Tokenized money markets are driving convergence from the TradFi side. For example in 2025, Sky’s Spark allocated $1B to tokenized Treasuries, including $500M to BlackRock’s BUIDL, which is now around $2.6B AUM across eight chains. As T-bills become DeFi collateral, the gap between the “risk-free rate” and the “DeFi rate” keeps narrowing.
However, risk profiles haven’t converged. SOFR is overnight, Treasury-collateralised, and centrally cleared via FICC (near-zero credit risk), while DeFi lending is crypto-collateralised, smart-contract-intermediated, and exposed to oracle, liquidation, and depeg risks. So why is the spread converging if the risks still differ?
The compression likely reflects frictions (gas, bridging, off-ramp delays) that make on-chain capital sticky, plus persistent stablecoin demand in regions with limited dollar banking (e.g. stablecoin holdings relative to bank deposits increased from near 0 to 2.5–3% within 4 years in Latin America as mentioned in our last update), which isn’t directly arbitrageable against TradFi.
In equilibrium, DeFi rates should sit above SOFR to compensate for its specific risk stack.
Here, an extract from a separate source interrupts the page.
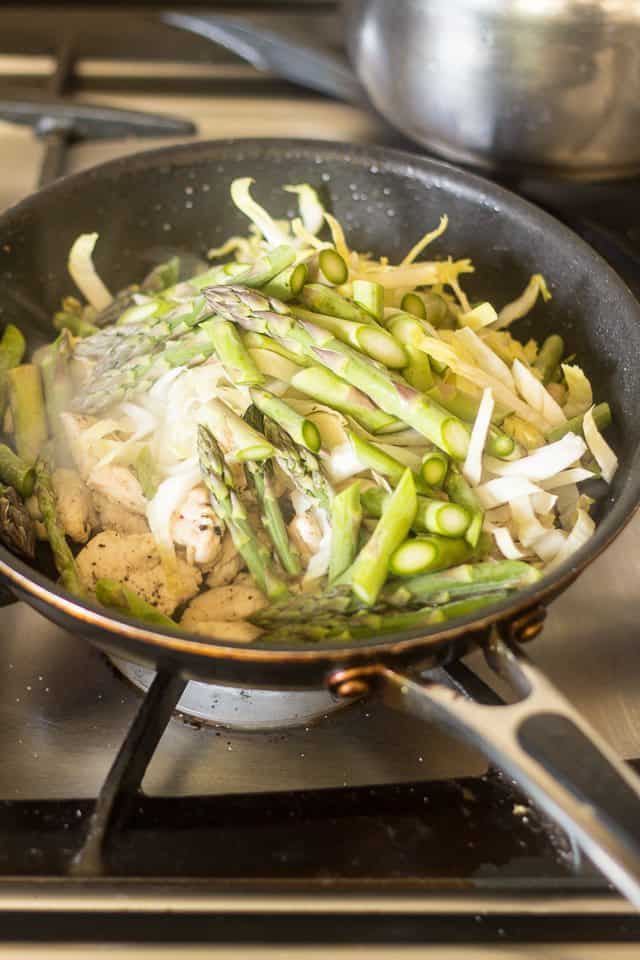 Creamy Avocado Pasta | thehealthyfoodie.com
A near-zero spread suggests either the market is underpricing DeFi risk or structural demand frictions are compressing it artificially. More on the spread yield decomposition soon!
wstETH/ETH Looping: Flat Carry with Fat Tails
wstETH/ETH looping on Aave v3 Mainnet has been barely profitable over the past 6 months, with the strategy running at roughly breakeven as ETH borrow rates hover around 2–3% against wstETH yield of 2.5–3%.
The WETH borrow rate spiked twice in February. The first spike (utilisation to 95.4%) was driven by Trend Research’s ~$2B leveraged ETH long on Aave, as ETH/USDT positions were unwound and 332k ETH were sold to repay their stablecoin debt. This deleveraging drained Aave’s ETH pool, spiking WETH borrow costs and reducing liquidity for the wstETH/ETH loop.
The second spike (utilisation to 99.85%) came when a $144M whale withdrawal hit an already thin pool. At both peaks, the wstETH/ETH carry spiked deeply negative.
Deposits dropped from 3.45M to 2.9M ETH in the first week of February as Trend unwound, compressing liquidity and pushing borrow rates up. The first spike resolved as borrows subsided and repayments outpaced withdrawals, gradually stabilising the pool’s liquidity. The second spike resolved through a combination of fresh deposits entering the pool and further borrow reductions.
Yields on Kamino
Steakhouse USDC High Yield on Kamino is currently earning circa 5% APY.
Utilisation sits at 89%, meaning most supplied USDC is actively deployed. Around 60% of the vault is allocated to the OnRe Market, the primary driver of the current yield.
OnRe is a Bermuda-licensed reinsurance platform bringing the $750B global reinsurance market on Kamino. ONyc generates yield from diversified underwriting performance and collateral income which is a return source that is structurally uncorrelated to crypto markets. NAV is priced in real time via Chainlink Data Streams, and independently attested by Apex.